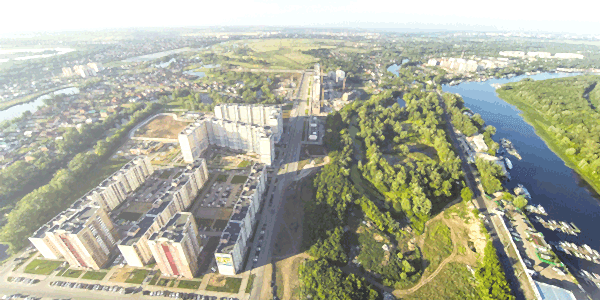 Ремонт квартир в жилом районе Волгарь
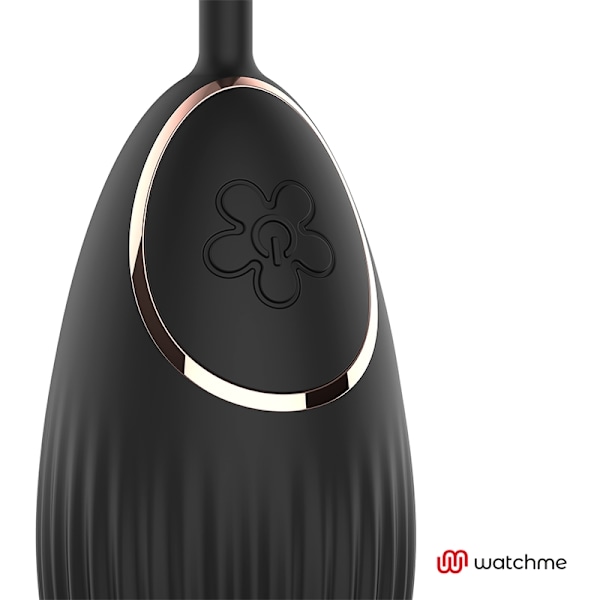 Anne'S Desire - Egg Remote Control Technology Watchme Sort/Guld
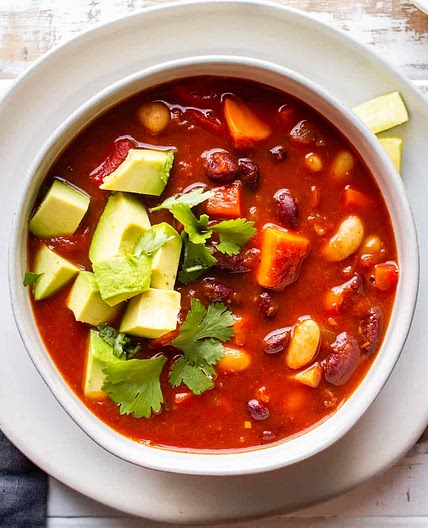 The Best Vegan Chili You'll Ever Taste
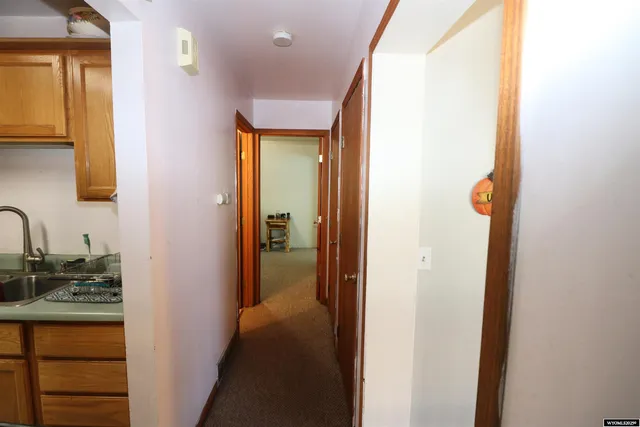 $354,000 | 550 Jefferson Street, Lander, WY 82520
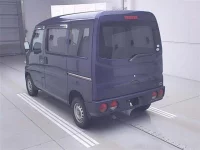 Mitsubishi MINICAB VAN лот № 60201 оценка 3.5  с аукциона в Японии 1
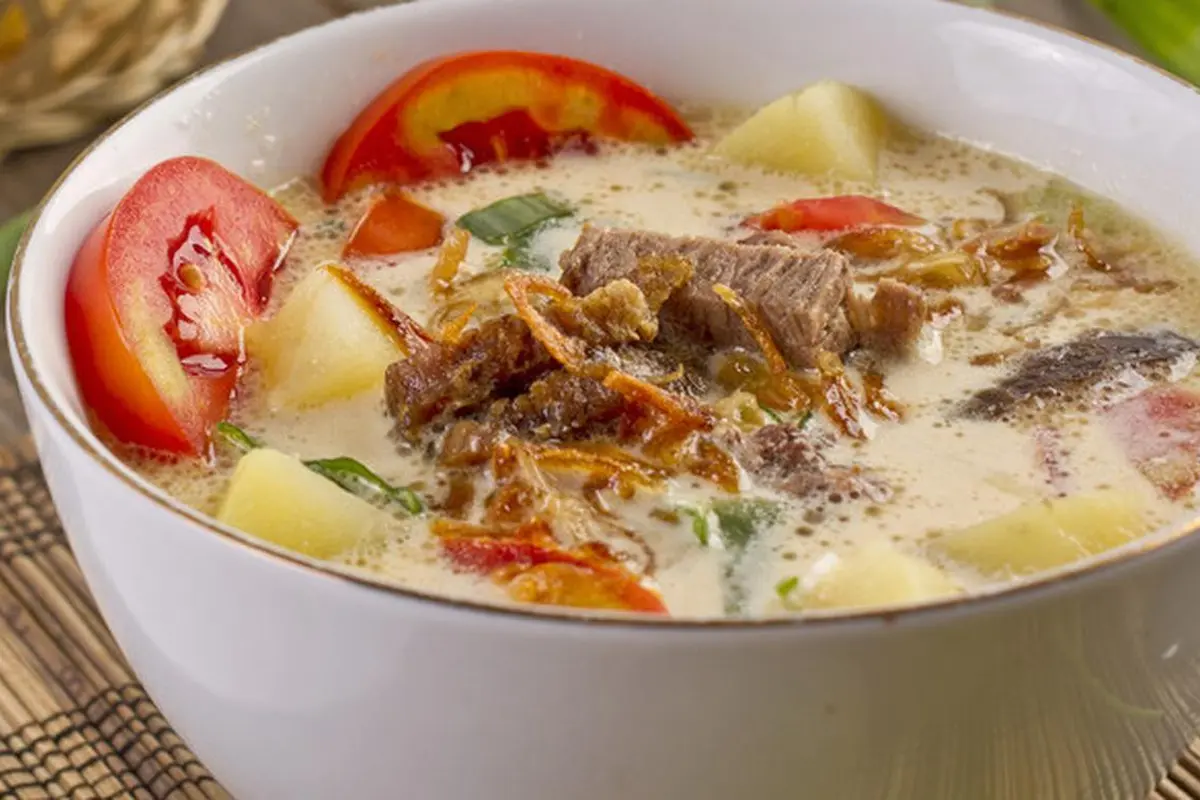 Sama-sama Populer,Tapi Apa Perbedaan Soto Betawi dan Soto Lamongan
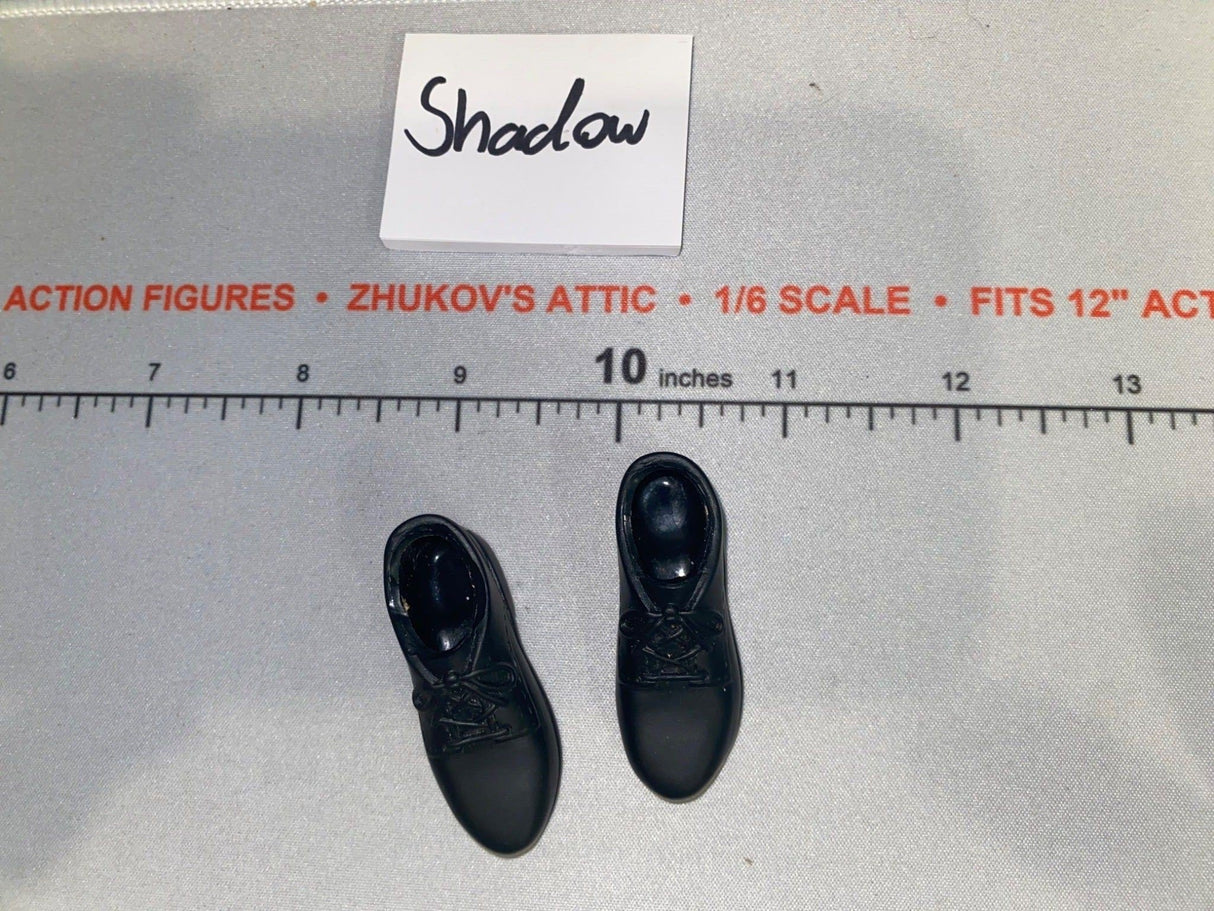 1/6 Scale Modern Era Civilian Dress Shoes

--*--

Every record must be transcribed faithfully, with no picture carried over.

** Result **
 Ремонт квартир в жилом районе Волгарь
 Anne'S Desire - Egg Remote Control Technology Watchme Sort/Guld
 The Best Vegan Chili You'll Ever Taste
 $354,000 | 550 Jefferson Street, Lander, WY 82520
 Mitsubishi MINICAB VAN лот № 60201 оценка 3.5  с аукциона в Японии 1
 Sama-sama Populer,Tapi Apa Perbedaan Soto Betawi dan Soto Lamongan
 1/6 Scale Modern Era Civilian Dress Shoes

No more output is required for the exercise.